Vendredi 31 janvier 2020 : 

A minuit ce soir le Royaume-Uni aura quitté l'Union Européenne.

Le chemin a été long et semé d'embûches depuis ce référendum de juin 2016 que les gaullistes avaient chaudement applaudi (lire communiqué UPF, 24/06/16).

Les européistes auront bien tout tenté pour gripper le processus de l'article 50 - un véritable attrape-couillons qui oblige à négocier un accord de sortie pendant de longs mois avec Bruxelles, au prix de compromis inacceptables pour les représentants nationaux du pays quittant l'UE - mais ils n’y seront finalement pas parvenus.

Le but des européens était de faire payer au prix fort ce divorce pour décourager les Britanniques et les détourner des Brexiters. Pari raté. Boris Johnson a été réélu triomphalement en décembre dernier et a réussi à mettre en œuvre le choix du peuple britannique.

Bien sûr, les choses sérieuses ne font que commencer pour bâtir les futures relations, commerciales notamment. Mais en s'affranchissant des régulations de Bruxelles, le Royaume de Sa Majesté pourra négocier librement les accords commerciaux avec le monde. La liberté n’a pas de prix !

Effectif ce soir, le Brexit sonne comme un douloureux symbole et un aveu de faiblesse. Il crée surtout un précédent avec lequel il faudra compter.

En ce jour historique, l'Union Européenne, et tous ses nervis, feraient bien de s'interroger sur les impasses de sa construction actuelle, qui ignore les peuples et n'autorise aucun dessein commun autre que la supranationalité de ses institutions et son projet économique soumis à une orthodoxie budgétaire inadaptée à la situation réelle et aux besoins des différents pays.

Car demain, ce n'est pas seulement le Royaume-Uni, de tout temps attiré par le grand large, qui mettra les voiles mais peut-être bien les pays fondateurs - dont la France - encouragés par cet appel d'air et lassés par le poids de la servitude volontaire.

Et ce ne sera pas la même limonade pour les technocrates bruxellois...

Nous concernant, ce n'est pas un risque mais un souhait car rien ne sera possible si l'on ne s'affranchit pas du cadre existant.


Mardi 28 janvier 2020 : 

Selon les chiffres publiés hier par Pôle emploi, le nombre de demandeurs d’emploi, en catégorie A, a diminué de 120.700 (-3,3 %) en 2019, ce qui constitue la plus forte baisse depuis douze ans.

Bien sûr, nous n'allons pas renâcler face à cette annonce.

Et si les économistes de l'Observatoire français des conjonctures économiques (OFCE) reconnaissent eux-mêmes « une part de mystère » dans cette baisse malgré une croissance atone, il vaut mieux cette tendance que l'inverse.

Pour autant, ces chiffres en trompe-l’œil ne sauraient cacher la réalité du marché du travail en France.

Fin 2009, il y avait un peu plus de 2,6 millions de chômeurs contre quelque 900.000 de plus aujourd’hui : nous n’avons toujours pas rattrapé le niveau d’avant la crise financière de 2008 et le chômage reste bien plus élevé qu'ailleurs en Europe.

De plus, la réforme de l’assurance-chômage avec le durcissement au 1er novembre des conditions d’inscription a mécaniquement contribué à cette baisse, notamment chez les moins de 25 ans particulièrement touchés par cette mesure.

Enfin, si la courbe du chômage était le seul baromètre de l’état de santé du pays, cela se saurait.
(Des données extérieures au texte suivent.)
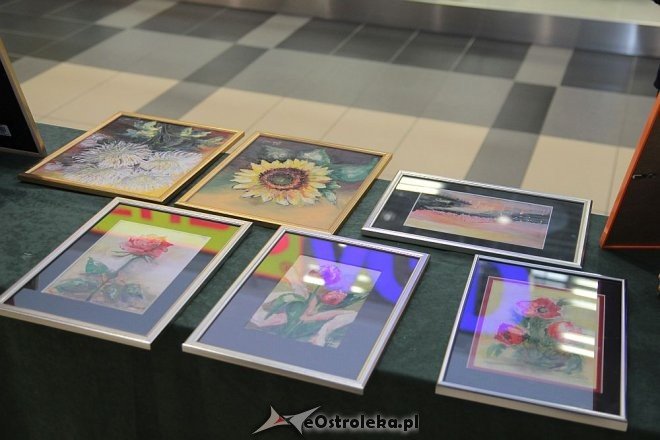 II Przegląd Twórczości Lokalnej w Galerii Bursztynowej: Malarstwo, fotografia, grafika [11.10.2015] - zdjęcie #8 - eOstroleka.pl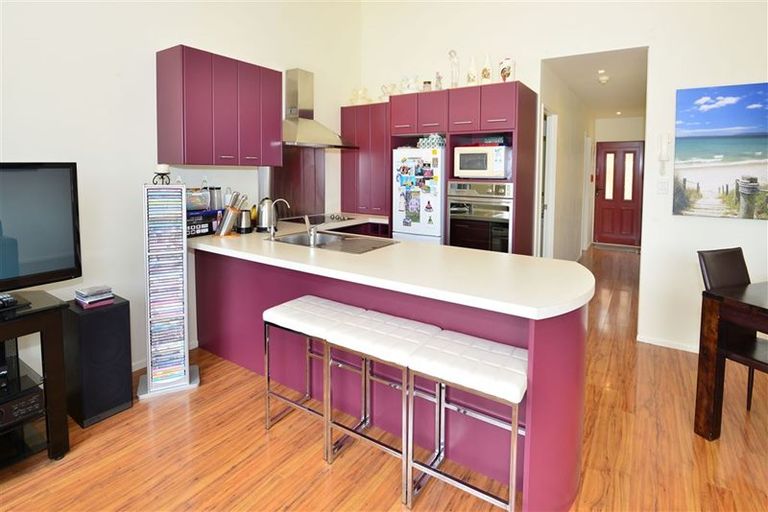 Photo of property in 33f Florence Avenue, Orewa, 0931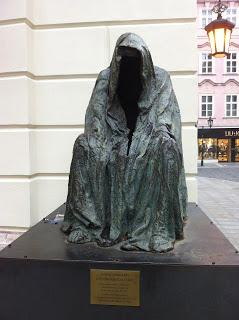 Notre voyage à Prague/  Wiplash /Bonne année à vous toutes et tous/Videos à toi de Lise Bellynck et frédéric aspisiet Michel Fau !!! et le Best Off du Studio Bagel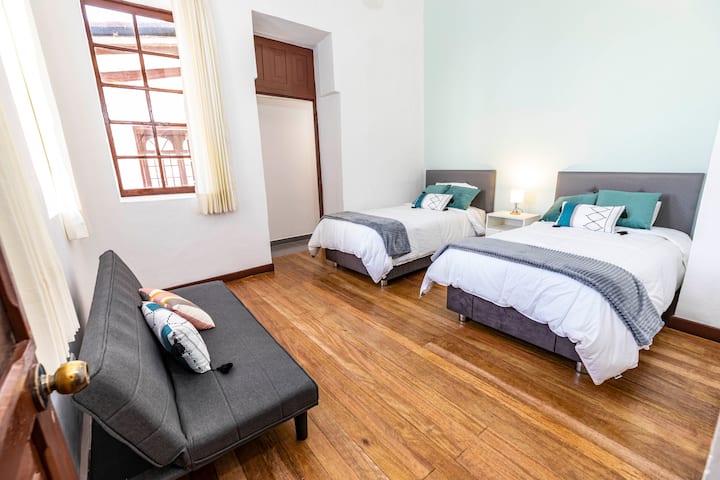 Ცალკე ოთახი ორი ერთადგილიანი საწოლითა და ცალკე სააბაზანოთი (როგორც ნაჩვენებია, სააბაზანოს კარი არ აქვს). Საჭიროებისამებრ, აქ დგას გასაშლელი დივანი, რომელიც უზრუნველყოფს დამატებით დასაჯდომად და ძილის მოქნილ ვარიანტებს.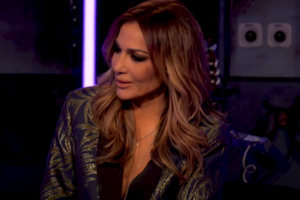 Ένα τραγούδι ακόμα | "Έσπασε" ο Γιώργος Θεοφάνους με την ερμηνεία της Δέσποινας Βανδή!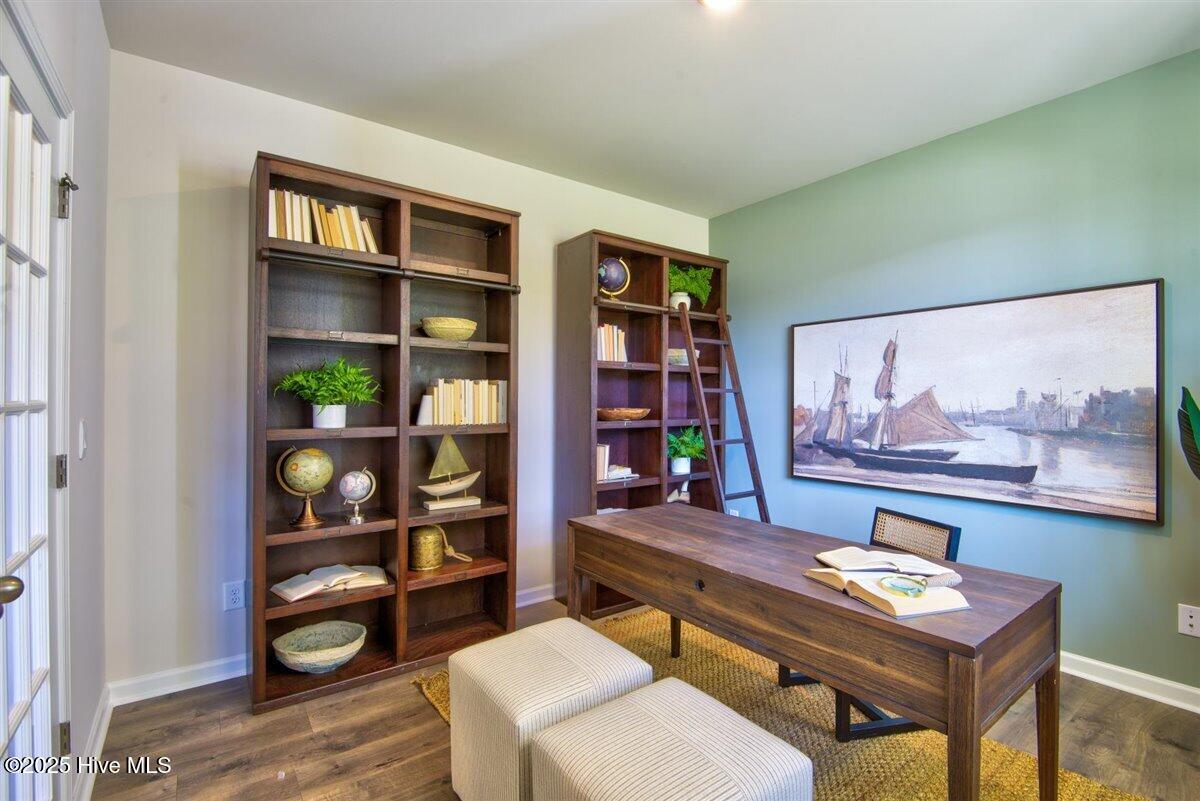 10533 Beard Way Property Photo 5
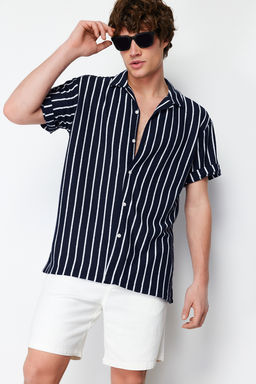 Lacivert Cizgili Relaxed Fit Triko Gorunumlu Apas Yaka Gomlek TMNSS24GO00006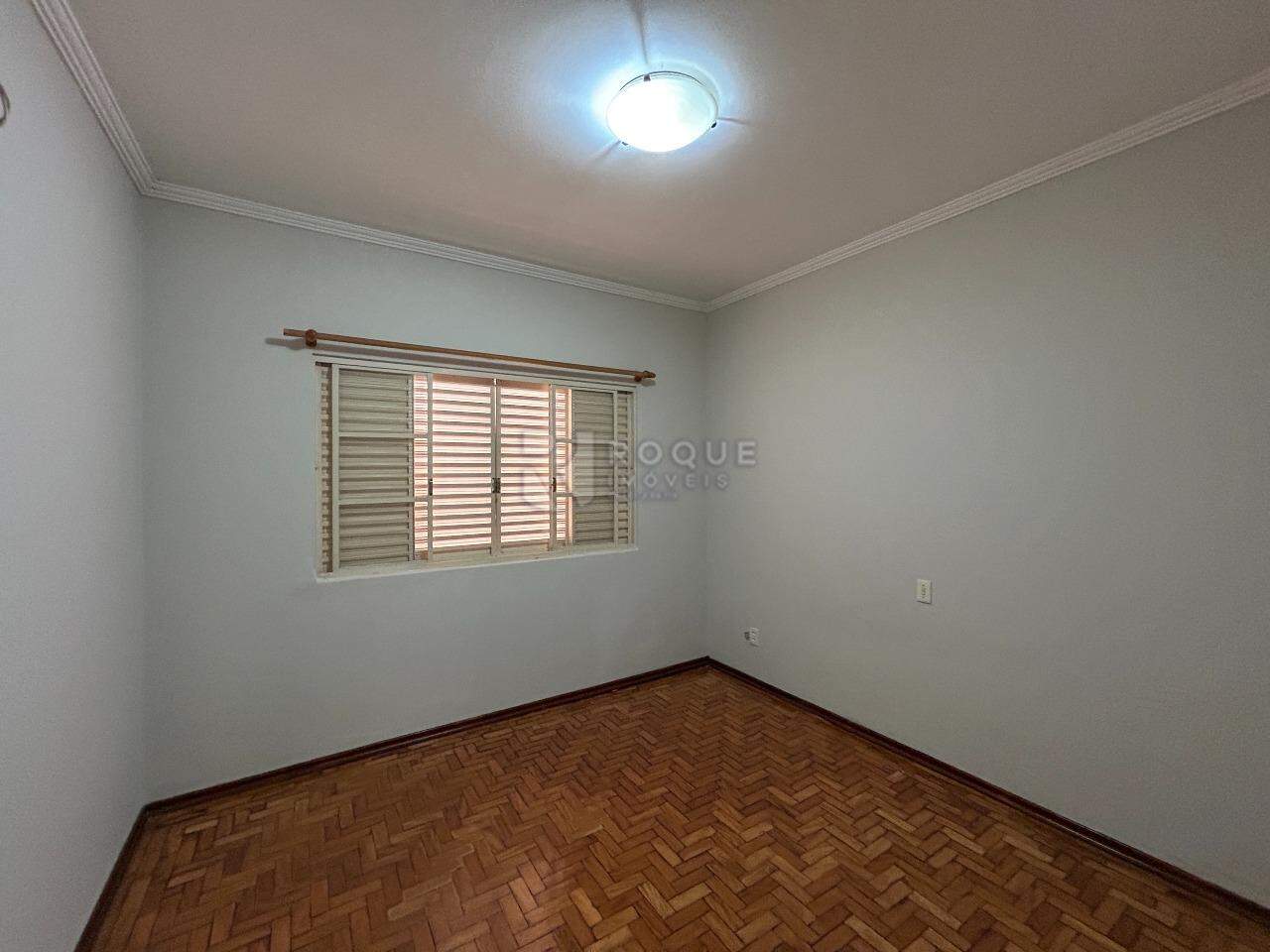 Casa Residencial para aluguel no bairro Jardim Santo André: Dormitório 2 suíte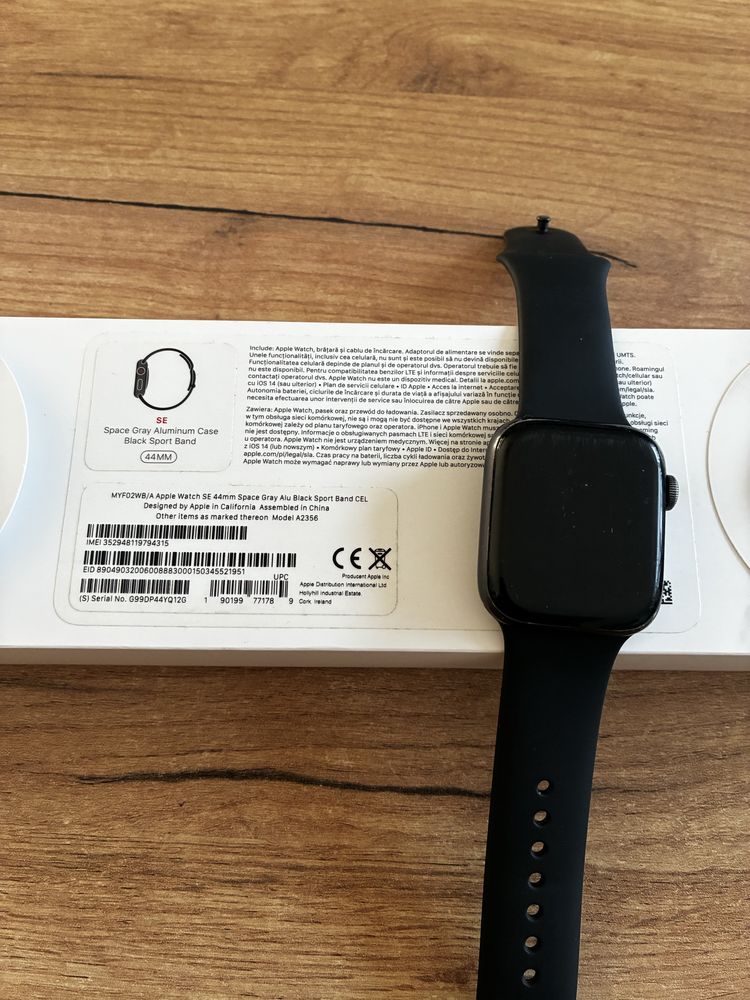 Apple Watch SE 44, uszkodzony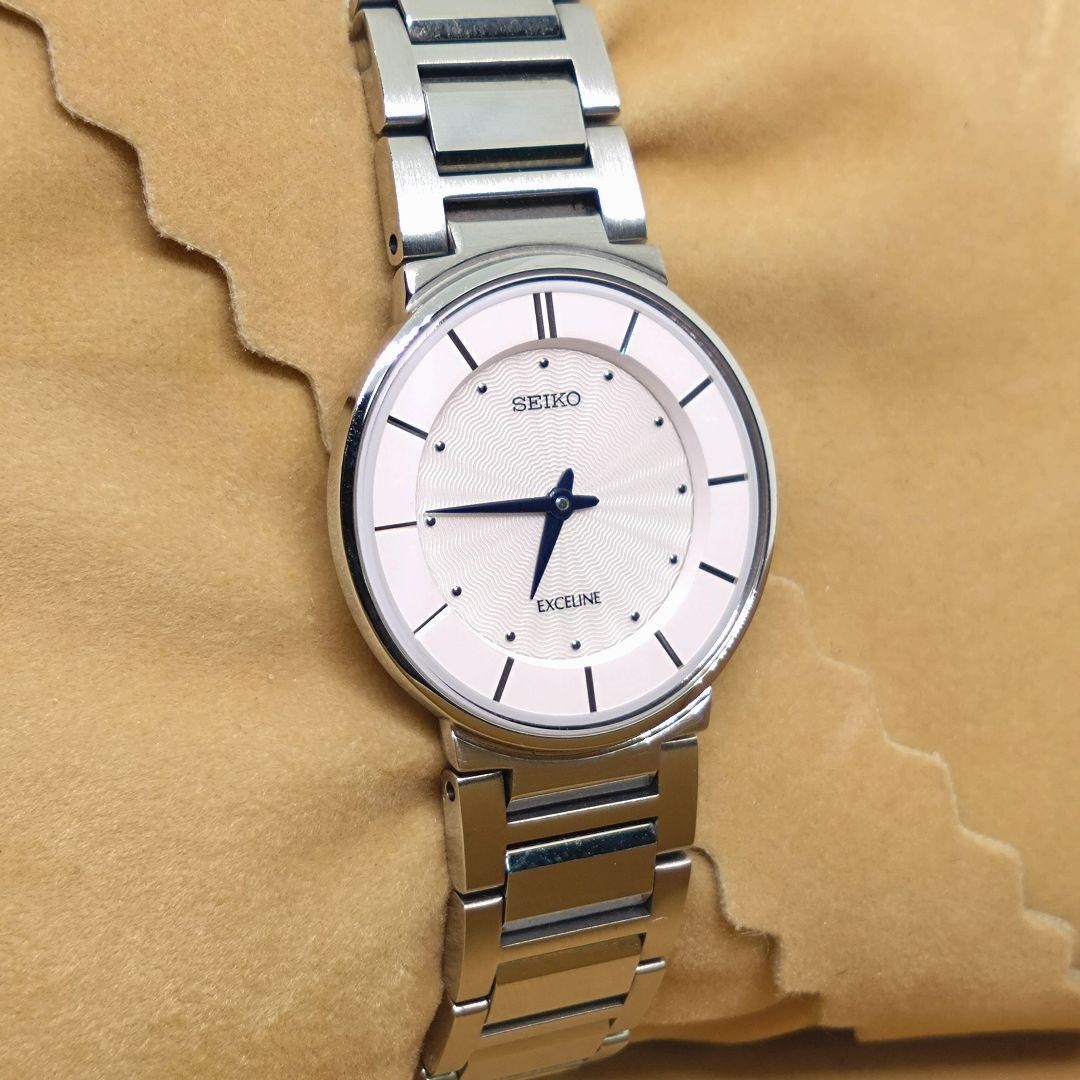 Seiko Exceline Ladies Watch White Silver Quartz 2.7cm Case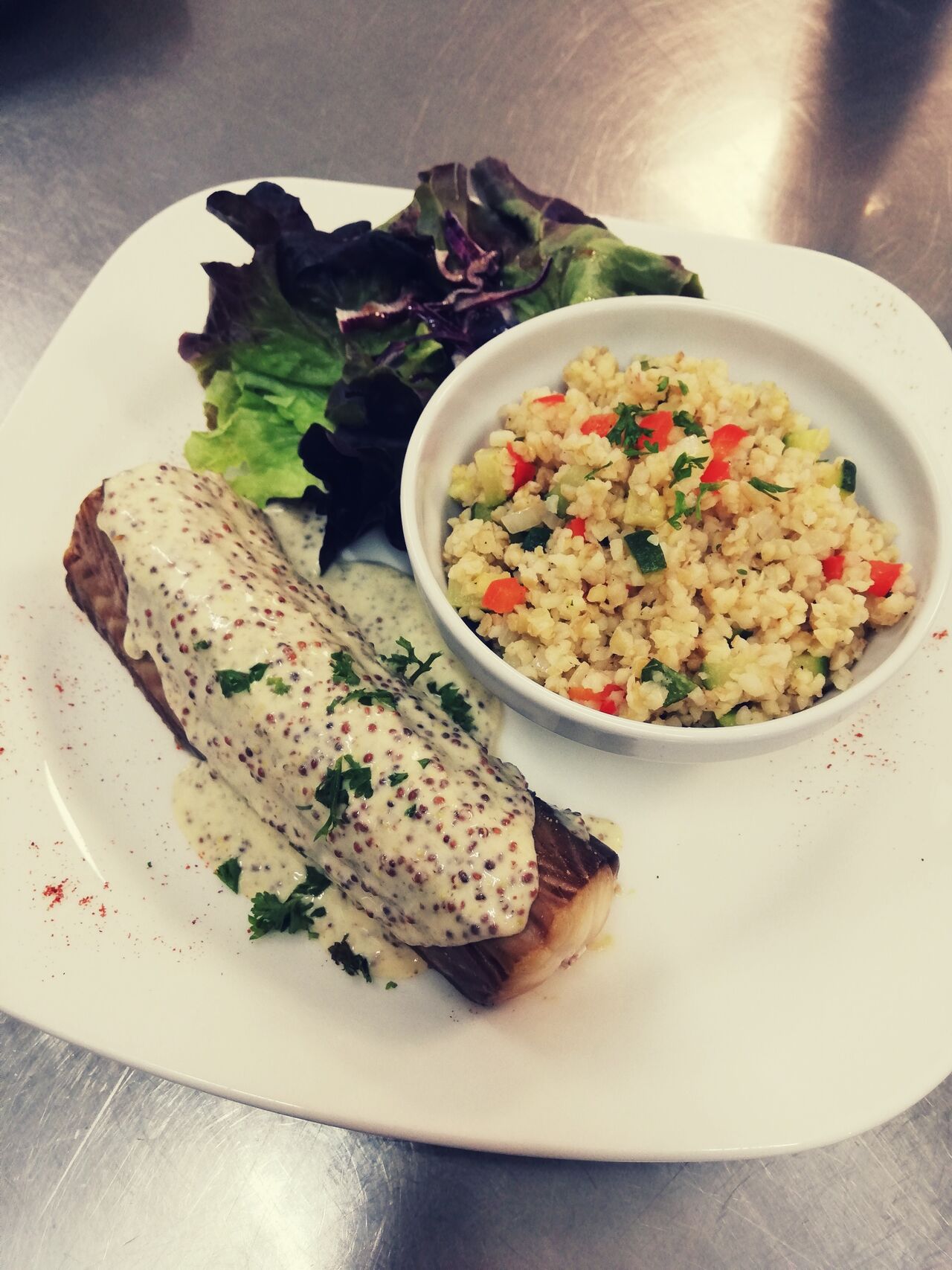 Saumonette, crème à la graine de moutarde et boulgour brunoise de légumes 
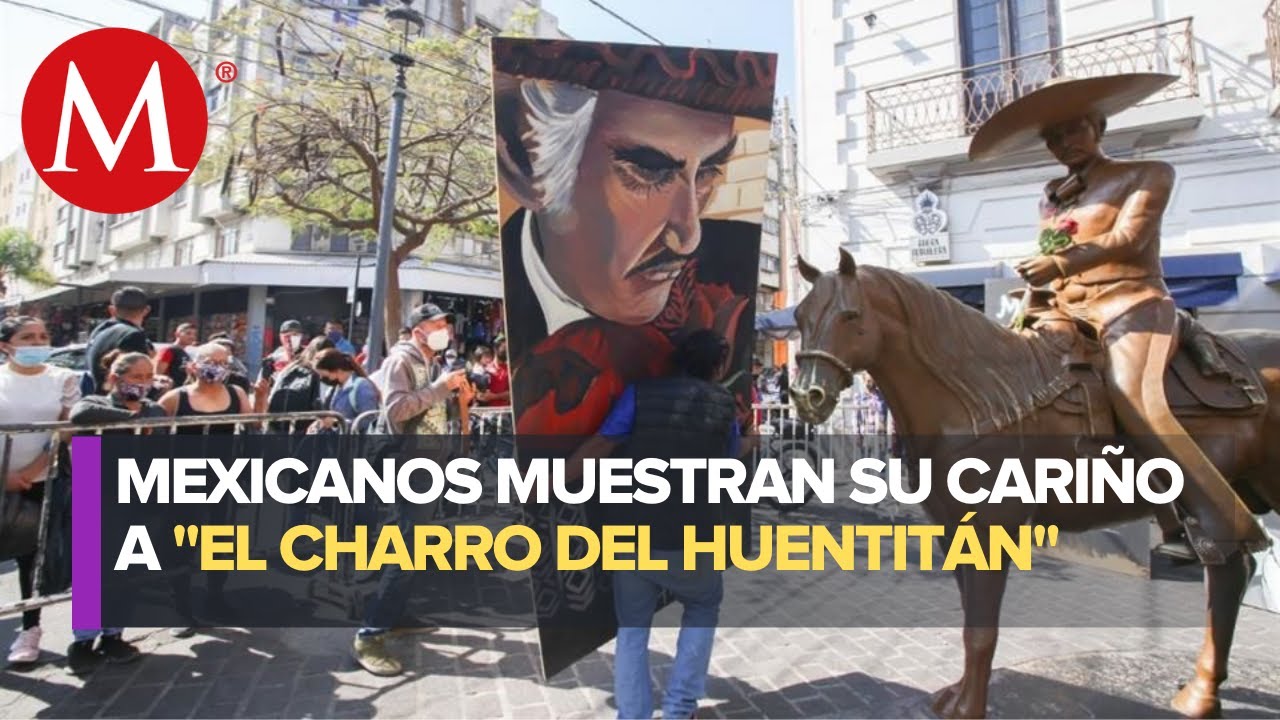 Colocan ofrenda en estatua de Vicente Fernández en la Plaza de los Mariachis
Le contexte de crise sociale permanente dans lequel vit la France depuis deux ans prouve, sans conteste, que le mal-être est profond et que ce ne sont pas ces chiffres du chômage qui vont y mettre fin.

Ce grand écart entre quelques indicateurs et la réalité du climat politique et social devrait donc conduire le gouvernement à faire preuve de plus de modestie avant de s'enorgueillir du succès de sa politique et conclure que la France va mieux.

D'autant que nous sommes encore très loin de la promesse présidentielle d'atteindre les 7% de taux de chômage d'ici à 2022.

La méfiance est la fille aînée de la prudence !

Mis à jour ( Vendredi, 31 Janvier 2020 14:31 )
 
Les réflexions gaullistes des semaines du 13 au 26 janvier 2020 par Christophe CHASTANET PDF Imprimer E-mail
Écrit par Christophe   
Lundi, 20 Janvier 2020 23:22

Dimanche 26 janvier 2020 : 

Le coronavirus originaire de Wuhan, en Chine centrale, remet à l’ordre du jour la question des épidémies et du risque qu’elles représentent au niveau planétaire.

Ce virus qui se transmet si facilement interroge nos sociétés sur leurs capacités à affronter et prendre de vitesse cet ennemi invisible.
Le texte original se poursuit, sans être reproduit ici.